Being off-book is advisable for actors pursuing theater gigs, but Caparelliotis confirmed they should “always have the paper” in their hands. “If I’ve got a playwright sitting next to me and you’re paraphrasing and they’re mouthing the actual words because they’ve lived with it for five years—there’s no way,” he said.

Casting associate Lauren Port said there’s nothing wrong with an actor holding paper, adding that nerves can show up at any time. “The trap is that if you get caught up, now everyone is nervous for you while they’re watching,” she said. “We’re always on your side and wanting you to do well. I think that’s something that’s very easy to forget.”

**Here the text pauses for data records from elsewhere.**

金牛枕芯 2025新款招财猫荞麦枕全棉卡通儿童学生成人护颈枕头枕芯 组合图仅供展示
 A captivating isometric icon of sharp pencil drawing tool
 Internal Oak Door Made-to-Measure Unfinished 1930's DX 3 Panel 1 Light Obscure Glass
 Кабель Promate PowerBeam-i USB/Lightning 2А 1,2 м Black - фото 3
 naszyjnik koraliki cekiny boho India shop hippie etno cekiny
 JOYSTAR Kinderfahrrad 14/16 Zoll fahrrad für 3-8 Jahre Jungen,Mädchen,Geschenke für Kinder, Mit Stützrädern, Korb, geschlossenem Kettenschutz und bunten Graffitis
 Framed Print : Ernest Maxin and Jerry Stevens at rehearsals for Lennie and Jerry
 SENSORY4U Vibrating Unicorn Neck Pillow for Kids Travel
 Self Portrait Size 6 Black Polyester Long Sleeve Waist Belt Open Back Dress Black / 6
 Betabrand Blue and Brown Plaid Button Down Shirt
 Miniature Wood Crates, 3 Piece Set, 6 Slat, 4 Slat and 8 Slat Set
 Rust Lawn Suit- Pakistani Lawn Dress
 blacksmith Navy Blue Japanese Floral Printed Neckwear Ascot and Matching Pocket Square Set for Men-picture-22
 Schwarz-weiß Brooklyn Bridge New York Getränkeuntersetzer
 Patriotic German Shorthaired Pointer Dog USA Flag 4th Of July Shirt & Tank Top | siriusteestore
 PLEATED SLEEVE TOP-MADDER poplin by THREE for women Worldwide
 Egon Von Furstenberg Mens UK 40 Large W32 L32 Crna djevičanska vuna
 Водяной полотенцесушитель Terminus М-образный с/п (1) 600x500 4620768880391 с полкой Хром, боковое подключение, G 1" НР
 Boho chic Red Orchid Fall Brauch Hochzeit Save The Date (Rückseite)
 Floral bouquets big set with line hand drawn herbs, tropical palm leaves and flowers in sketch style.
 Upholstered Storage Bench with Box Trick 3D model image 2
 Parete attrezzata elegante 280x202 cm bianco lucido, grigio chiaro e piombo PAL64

Jason Styres (“A Gentleman’s Guide to Love & Murder”)
CD Jason Styres said actors should not “overstay” their welcome. Come into the audition room, do your thing, and move onto the next opportunity.

He also believes actors shouldn’t feel the need to get “married” to the material the first time they enter the room. “The analogy I always use is a first date situation: We come in and we don’t really share everything, but you are going to tell them a little bit about you and you’re going to show your best version of you,” Styres said. “That way you can get a second date.”

Jay Binder and Jack Bowden (“1776”)
Jack Bowden of Binder Casting always advises actors to be professional and listen: “If people are asking you questions, make sure you’re answering them. Don’t let the nerves get in the way.”

On the other hand, feelings of nervousness might serve as energy for some actors. Jay Binder believes actors can work to harness that energy; some of the art should be left to spontaneity. “I think the most important thing is that, in that 10 minutes or three minutes that you’re in the room, the job is yours,” he told Backstage. “You have a gift to give; it’s not something to get.”

Binder also values actors doing their research before going into the audition room. “Make sure you know how to pronounce every single word,” he said. “If it’s a play that’s already been written and produced, do your research. Make sure you read the whole play.”

Jeanne McCarthy (“Captain Fantastic,” “Silicon Valley,” “The People v. O.J. Simpson: American Crime Story”)
Jeanne McCarthy, who won an Artios Award for casting FX’s “People v. O.J. Simpson,” believes actors shouldn’t overthink the text; just trust your gut and deliver it.

The CD added that actors don’t necessarily need to make a larger-than-life show out of everything. “In a way, what you end up wanting in auditions is for people to make it much more real,” McCarthy said.

Meghan Rafferty and Mia Cusumano (“Margot vs Lily”)
Actors should know that CDs are rooting for them from their first moment in the audition room, said Meghan Rafferty, Artios-nominated for both web series “Margot vs Lily” and “Café Society.” “Go in with confidence,” she said. “All we’re doing is looking to help you, to guide you, and to get you the job.”

Mia Cusumano agreed, adding that actors should bring themselves “fully” into each and every role. “Sometimes we don’t know what we’re looking for exactly,” she said. “That’s what will make you different.”

Beth Bowling, Kim Miscia, and Michael Rios (“Mr. Robot”)
“Know what it is you’re coming in for,” said casting associate Michael Rios, one of the Artios Award winners for USA’s “Mr. Robot.” Actors need to familiarize themselves with both the material and the screenwriters’ previous material; Rios tells actors to use the internet to their advantage by looking up as many details as possible. “It sounds easy, but it’s not.”

“This is going to sound harsh, but it’s important to come prepared and not have excuses,” said Beth Bowling. Part of being a professional actor is respecting the time of those on the other side of the casting table. Kim Miscia added that as CDs, they want to focus on the art. They don’t want to “hear all about your bad day or why you’re sick.”